The New Madrid Fault
is a major active fault line that runs
approximately from Memphis, Tennessee, to
St. Louis, Missouri. On Dec. 16, 1811, this area was hit
with an estimated 8.6 magnitude quake on the modern-day
Richter scale. This was the first of THREE major quakes to
rock the Midwest. A second quake on January 23, 1812 is
estimated to have been an 8.4. A THIRD shock on February
7, 1812, is estimated to have been the strongest jolt ever
to hit the North American continent at somewhere near 8.7
to 8.9.
We pulled some illuminating facts
from Volume
3 of DISCOVER! America’s Great River Road… What
would an 8.7 magnitude earthquake feel like?
The New Madrid earthquake
released energy equal to 150,000,000 tons of TNT. In
comparison, the two atomic bombs dropped on Hiroshima and
Nagasaki in WWII equaled 35,000 to 40,000 tons of TNT!!

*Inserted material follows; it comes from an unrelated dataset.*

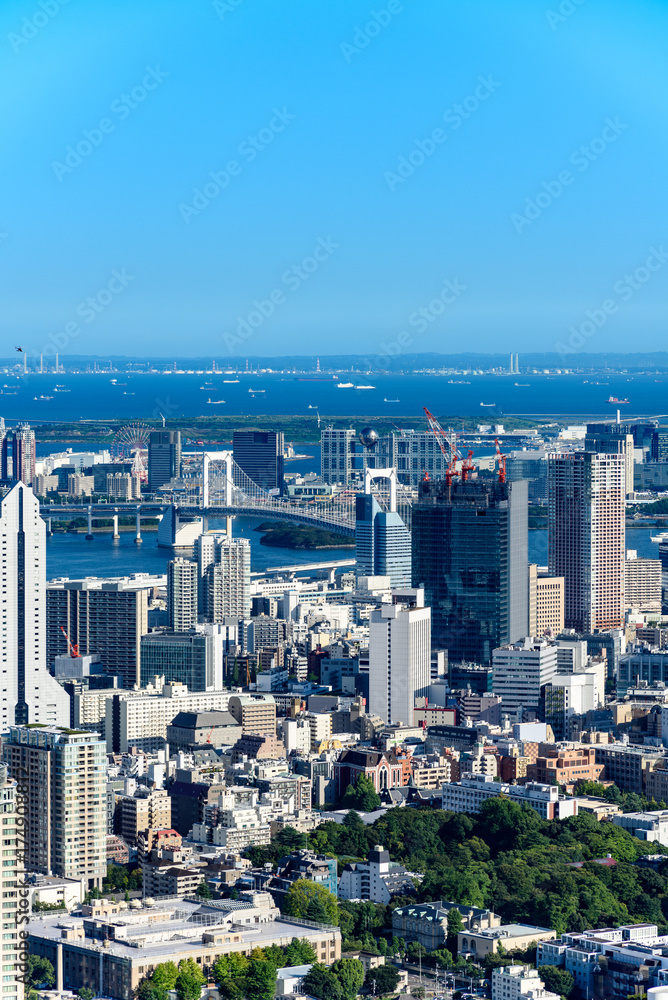 Fototapeta premium 東京の都市風景 日中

When the tremors and convulsions of the earth
subsided, 30 to 50 thousand square miles of land had
undergone vast topographical changes. Most of which are
visible today. In the northwest corner of Tennessee, land
dropped 10 to 20 feet and caused the Mississippi River to
flow back upon itself which formed REELFOOT LAKE. In places
along the Mississippi River, I have seen sandboils which
still lie barren, or waves of undulating earth frozen into
the compacted soil.
The New Madrid fault system extends
120 miles southward from Cairo, Illinois, through
New Madrid and Caruthersville, Missouri,
following I-55 free way system to Bytheville and on
down to Marked Tree, Arkansas. Buried five to to ten
miles underground (similar in depth to the Haiti quake), it
crosses five state lines and cuts across the Mississippi
River in three places.

THE USGS maintains a real time list of tremors along the
New Madrid fault. Click map image to see the map for
today.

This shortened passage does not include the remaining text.